Inzwischen hat sich jedoch gezeigt, daß der Sozialismus nirgendwo zu mehr Freiheit des einzelnen Menschen und nicht einmal zu dessen höherem Wohlstand geführt hat, sondern daß die „Diktatur des Proletariats“ viel brutaler als die des Kapitalismus war und regelmäßig zu einer Funktionärsdiktatur der Sozialfunktionäre über Sozialuntertanen geführt hat. Die angebliche Solidarität war also nur ein Vorwand der Funktionärsclique, um damit ihre Macht zu erringen und einen Sozialfeudalismus zu eigenen Gunsten aufzubauen.

Der Schwindel des Sozialismus ist jedenfalls inzwischen seiner ethischen Begründung entkleidet, ist bloße Machtkategorie geblieben und damit keine ethische Grundlage für einen allgemeinen Solidaritätsanspruch mehr.

Wenn deshalb heute die Sozialisten die glühendsten Verfechter für die europäische Schuldengemeinschaft, für Euro-Bonds und für die Haftungsübernahme deutscher Steuerzahler für ganz Europa und seine Banken sind, läßt sich dies politisch nicht mehr aus der politischen Idee der Brüderlichkeit begründen, weil es sich letztlich ja um Kapitalismushilfe zugunsten der internationalen Banken handelt. Der Grund für die Euro-Hilfsbegeisterung sind die Bilderberger-Einflüsse auf Steinbrück und Trittin und deren Bindungen an das internationale Großkapital.

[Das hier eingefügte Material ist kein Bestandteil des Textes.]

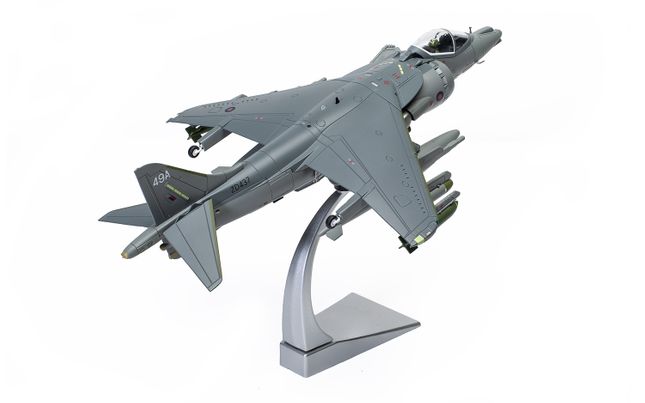 非常に希少なモデルかと思います希少】CORGI BAe Harrier w/Carrier Diorama - starrvybzonline.com 10449円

Jedenfalls ist auch aus der Idee des Sozialismus eine allgemeine ethische Grundlage für die Solidaritätsforderung in Gaucks Weihnachtsansprache nicht mehr abzuleiten.

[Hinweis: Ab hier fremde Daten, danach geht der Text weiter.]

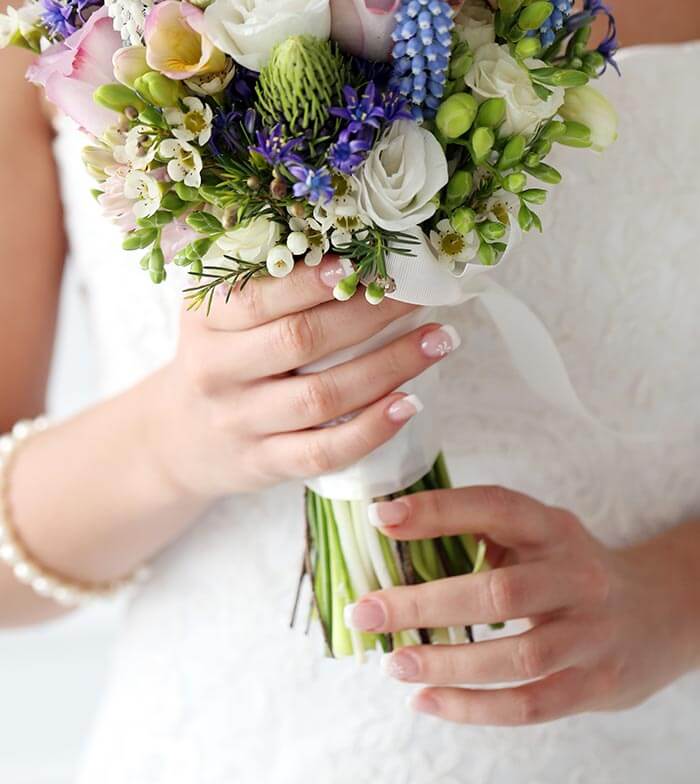 clous avec colle à ongles pour le mariage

4. Solidarität gibt es auch aufgrund gemeinsamer Interessen. In einer Sportmannschaft zum Beispiel steht einer für den anderen ein, weil man gemeinsam siegen will. In Vereinen wird gemeinsam für Vereinsziele gearbeitet, hilft ein Vereinsmitglied dem anderen zur Erreichung dieser Ziele. Auch in anderen Gruppen gibt es aufgrund einer Interessengemeinschaft Gemeinsamkeiten, die eine gewisse Solidarität fordern oder schaffen.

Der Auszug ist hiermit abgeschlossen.